Sorry just a stupid post !

siddigss wrote:

Your solution is obviously wrong because if $a\equiv 2 \mod 3$ then $4a+3\equiv 2\neq 0 \mod 3$. By the way, if you try to find some prime $p$ such that $p\mid x_n$ for some $n$ you will never find such prime letting $a\equiv -1 \mod p$.

I claim that the answer is two. If $x_1 = 2$, then $x_2 = 5$, $x_3 = 11$. $2^2-1 = 3$ and $2^5-1=31$ are primes, but $2^11-1 = 23\cdot 89$ is not a prime. (this achieves $k = 2$) Assume $x_1$ is odd from now on. Lemma: if $2^k-1$ is prime, then $k$ is prime. Proof: If $p\mid k$, then $2^p-1 \mid 2^k-1$. Now, assume to the contrary that $k > 2$, so that $2^{x_1}-1$, $2^{x_2}-1$, and $2^{x_3}-1$ are all prime. Then $x_3 = 4x_1+3$, and since $x_1$ is odd, $x_3 \equiv 7 \pmod{8}$. By the lemma, $x_3$ is prime.

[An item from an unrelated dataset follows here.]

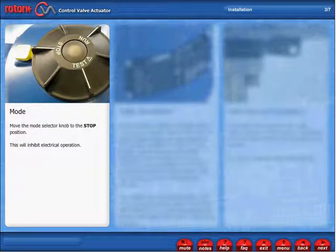Mode. Move the mode selector knob to the stop position. This will inhibit electrical operation.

Thus $2$ is a quadratic residue mod $x_3$. Let $2 = k^2 \pmod{x_3}$. Then $2^{x_2}-1 \equiv k^{2x_2}-1 = k^{x_3-1}-1 \equiv 0 \pmod{x_3}$ by Fermat's Little Theorem. Thus $y_3 \mid 2^{x_2}-1$, and $2^{x_2}-1 > x_3$ (unless $x_3 = 5$ or $x_3 = 7$, which don't work), a contradiction to the fact that $2^{x_2}-1$ is prime. Thus the minimum $k$ is two.

I do not quite like the fact that quadratic reciprocity is really the only nice way to solve this problem.. there should be a nicer method that does not invoke such mechanics. Does anyone else have a nice more elementary solution to this problem?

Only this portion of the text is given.